To preface my review for Reservation Road, I think it’s appropriate to point out that not many movies have the intensity to push me to the verge of tears. It takes special kinds of films, like The Green Mile, to do this to me. Now I can say that Reservation Road can be added to this small list due to its excellent character development and intensely realistic themes.
It is a day like any other in a small Connecticut town. Dwight Arno (Mark Ruffalo) is driving his son, Lucas (Eddie Alderson) back to his mother’s (Mira Sorvino) house after a memorable afternoon at a Red Sox game. Ethan (Joaquin Phoenix) and Grace (Jennifer Connelly) Lerner are driving their kids, Josh (Sean Curley) and Emma (Elle Fanning), home after a recital that Josh was in. While making a pit stop, two lives collide as Dwight accidentally hits Josh with his SUV, killing him. Instead of stopping, Dwight drives away out of fear. Now comes the turmoil of both families; one struggling with overwhelming guilt and the other obsessing over the truth.
It would have been easy enough for this film to turn into a run of the mill melodrama, but I feel that it succeeds in crossing that line and becoming something much more powerful. This is done by the remarkable performances of the lead characters. Joaquin Phoenix lights up the screen with his fits of anger and sadness, showing that he has a very wide range of emotions as an actor.

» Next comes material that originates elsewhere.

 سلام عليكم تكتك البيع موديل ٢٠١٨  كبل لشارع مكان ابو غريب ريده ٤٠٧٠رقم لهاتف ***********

Jennifer Connelly also travels across a large character arc from despondent and grieving to a woman just trying to get on with life.
The most interesting character for me though is Mark Ruffalo’s character, Dwight Arno. Recently, Ruffalo has caught my attention as being a fantastic and deep actor. His character in Reservation Road is very difficult because even though he has done a terrible thing, he is not a bad person. In fact, he is a very good hearted person who just so happens to have made a terrible mistake. There were times where I was hoping Arno would come out unscathed, but then it would dawn on me again that what he did is near unforgivable.

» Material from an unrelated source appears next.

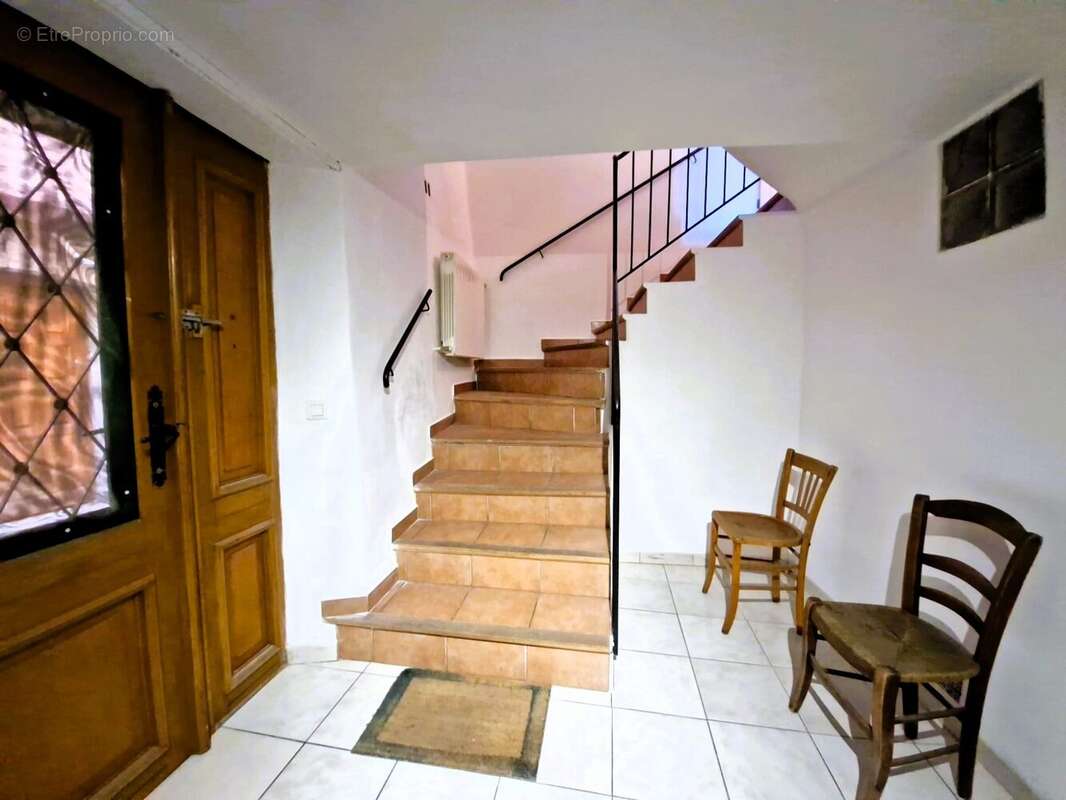 Maison à AUPS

The use of children in this movie also hits like a sucker punch to the throat. Seeing how kids react to a tragedy like this is difficult to watch. Elle Fanning gives an impressive performance as the little sister whose brother has been killed. Eddie Alderson also gives a fine performance, although Elle’s character gets to explore more emotion.
There aren’t any tricks in Reservation Road, and for good reason. The camera work and cinematography are just fine, but nothing special. If their were loads of stylized camera movement and dramatic lighting, than the story would feel less intense I feel. Terry George, who also directed the powerhouse Hotel Rwanda, puts story and character development above all else.
There are a few plot points that feel a little stretched. By that, I mean they seem rather unlikely. For drama’s sake, they work pretty well in creating extra depressingly awkward tension and suspense. If the viewer can suspend some disbelief, than these points won’t be a problem. It is true, however, that the other realistic points are affected by the unrealistic.
Reservation Road is one hell of a film. Terry George succeeds, almost 100%, in creating an intense, believable narrative full of pure human emotion and the consequences of our actions. After watching this movie, I tried to put myself in the places of both Ruffalo’s and Phoenix’s characters. This gets you to thinking about your own morality and ability to handle loss. Sure, the film may feel melodramatic at times and there may be some unlikely scenarios, but don’t let this stop you from seeing Reservation Road.